## REQUIRED ACTION
Retype only what runs from the beginning of the data through the line with "So that's our"; please omit the pictures and keep every line exact.

DATA SEGMENT below:

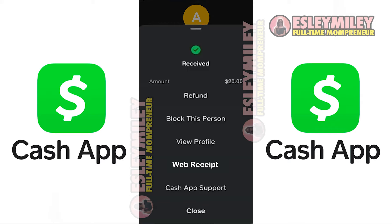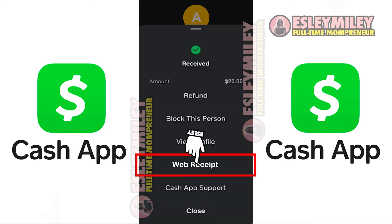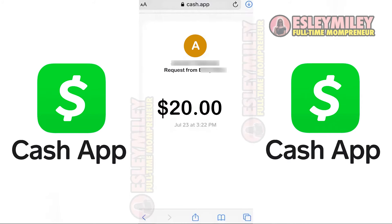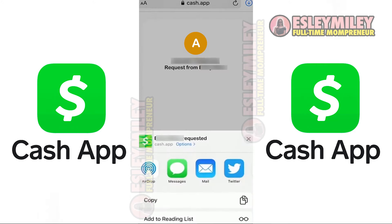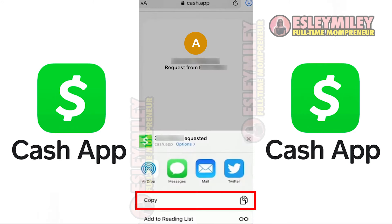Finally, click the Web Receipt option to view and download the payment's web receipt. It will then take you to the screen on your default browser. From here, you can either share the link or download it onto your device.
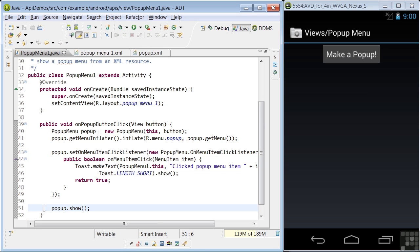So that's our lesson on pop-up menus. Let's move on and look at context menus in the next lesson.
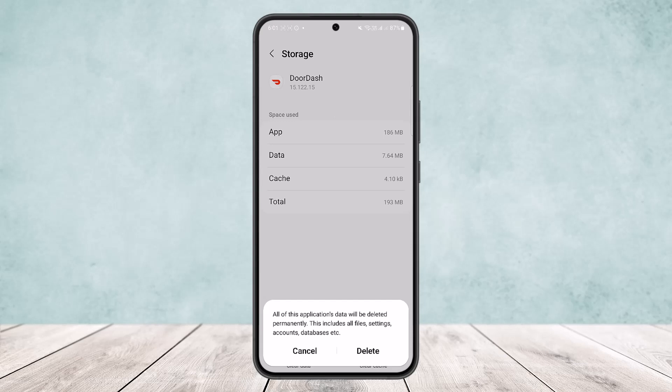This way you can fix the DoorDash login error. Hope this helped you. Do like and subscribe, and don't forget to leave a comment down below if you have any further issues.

End of DATA SEGMENT.

## ANSWER BOX
Finally, click the Web Receipt option to view and download the payment's web receipt. It will then take you to the screen on your default browser. From here, you can either share the link or download it onto your device.
So that's our lesson on pop-up menus. Let's move on and look at context menus in the next lesson.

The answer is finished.